Integration stellt bei dem Projekt das Bindeglied zwischen Fußball und Kultur dar. „Wir wollen keine Exklusivität vertreten und Inseln schaffen“, so Anders. Stattdessen geht es um Begegnung, Erfahrungsaustausch, Partnerschaften und Überwindung von Distanzen und Vorurteilen. So zeigen Künstler oder Wissenschaftler die urbane Entwicklung Johannesburgs. Das DJ-Duo Gebrüder Teichmann fährt mit einem Truck durch Soweto, sucht den Kontakt zu den Bewohnern und stellt gemeinsam mit ihnen Musik zusammen.
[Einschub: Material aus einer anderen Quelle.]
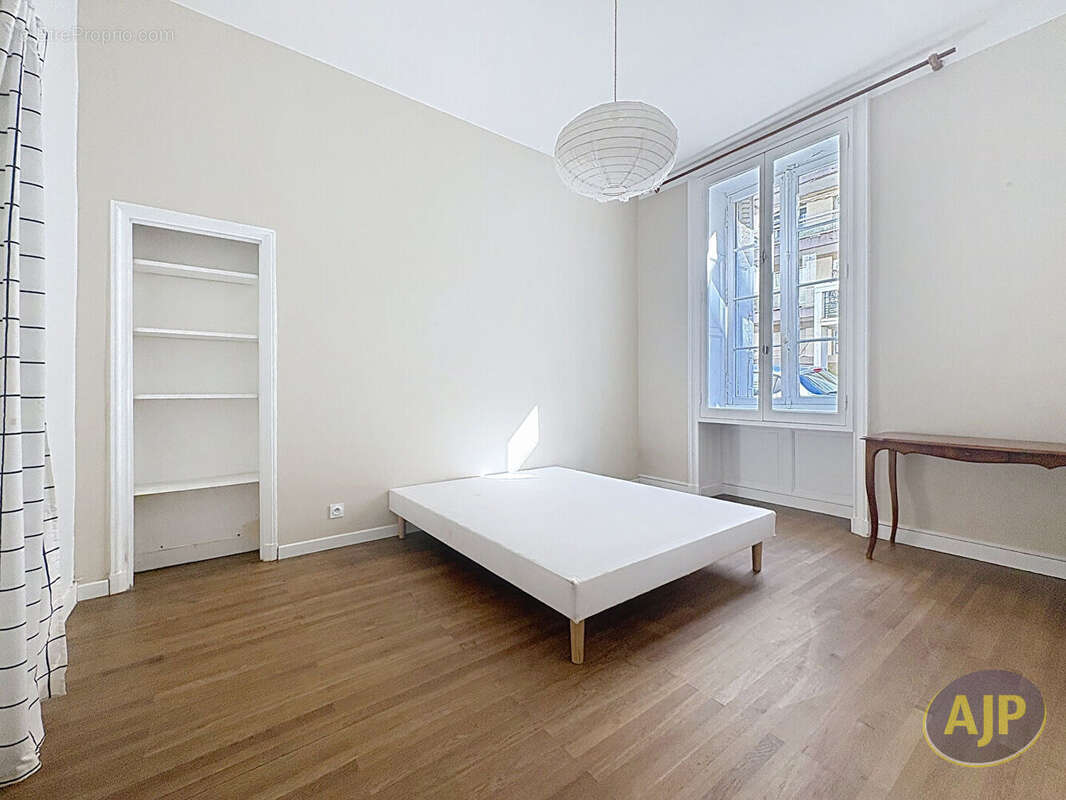 Nantes Dobrée / Sanitat : Un esprit « petite maison » avec jardin privatif - photo 15
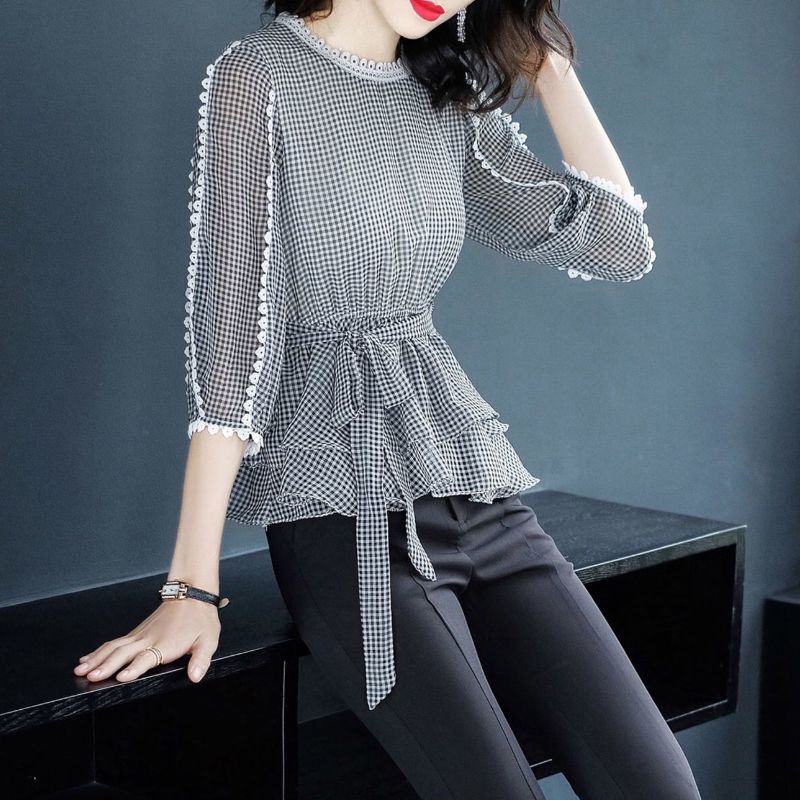 

Plaid Ruffles round Neck 3/4 Sleeves French Top Small Gingham S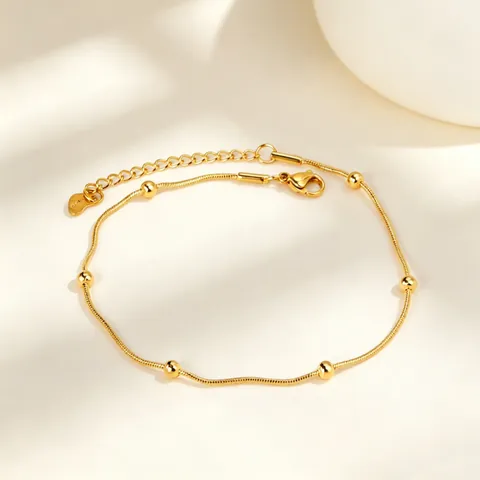 Minimalistisches Schlangenkette Fußkettchen 18K Vergoldeter Edelstahl Mit Polierten Perlen Und Herzanhänger Verstellbar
Medien zeichnen einseitiges Bild
„Wir haben eine klare Ansage: Wir wollen Menschen zusammenbringen und die Kontakte später weiterführen“, erklärt Katharina von Ruckteschell-Katte, Leiterin des Goethe-Instituts Johannesburg, das Gesamtprogramm. Künstler aus Deutschland und ganz Südafrika werden dieses Programm gemeinsam mit Stadtbürgern gestalten.In Soweto leben vier Millionen Menschen auf engstem Raum zusammen. Der Stadtteil im Südwesten von Johannesburg gilt als einer der gefährlichsten der Welt. „Wir wollen natürlich nicht, dass die Menschen überfallen werden“, beruhigt von Ruckteschell-Katte und ärgert sich gleichzeitig über die Meinungsmache: „Kaum ein anders Land stellt den Kriminalitätsaspekt so in den Vordergrund wie Deutschland. Der Fokus ist einfach übertrieben. Schließlich gibt es Länder, die ebenso gefährlich sind.“ Aber, und darauf legt auch ihr Kollege Anders Wert, die einzelnen Projekte werden nicht dazu instrumentalisiert, das einseitige Bild von Südafrika in Deutschland zu ändern. „Im Grunde spielt das keine Rolle, wenn man Kunst macht.“
Die Imagearbeit für Südafrika übernimmt stattdessen Zakumi. Das Maskottchen der Fifa-Fußballweltmeisterschaft 2010 kämpft gegen den Afro-Pessimismus. Der plüschige Leopard soll für Selbstbewusstsein, Warmherzigkeit und Gastfreundschaft stehen. Passend dazu seine Zottelmähne. Sie schimmert in hoffnungsvollem Grün. Beinahe an jeder Straßenecke Johannesburgs gibt es Zakumi zu kaufen, daneben Trikots, Fähnchen und Vuvuzelas (Tröten). Die Fankultur zumindest kennt keine räumlichen Grenzen.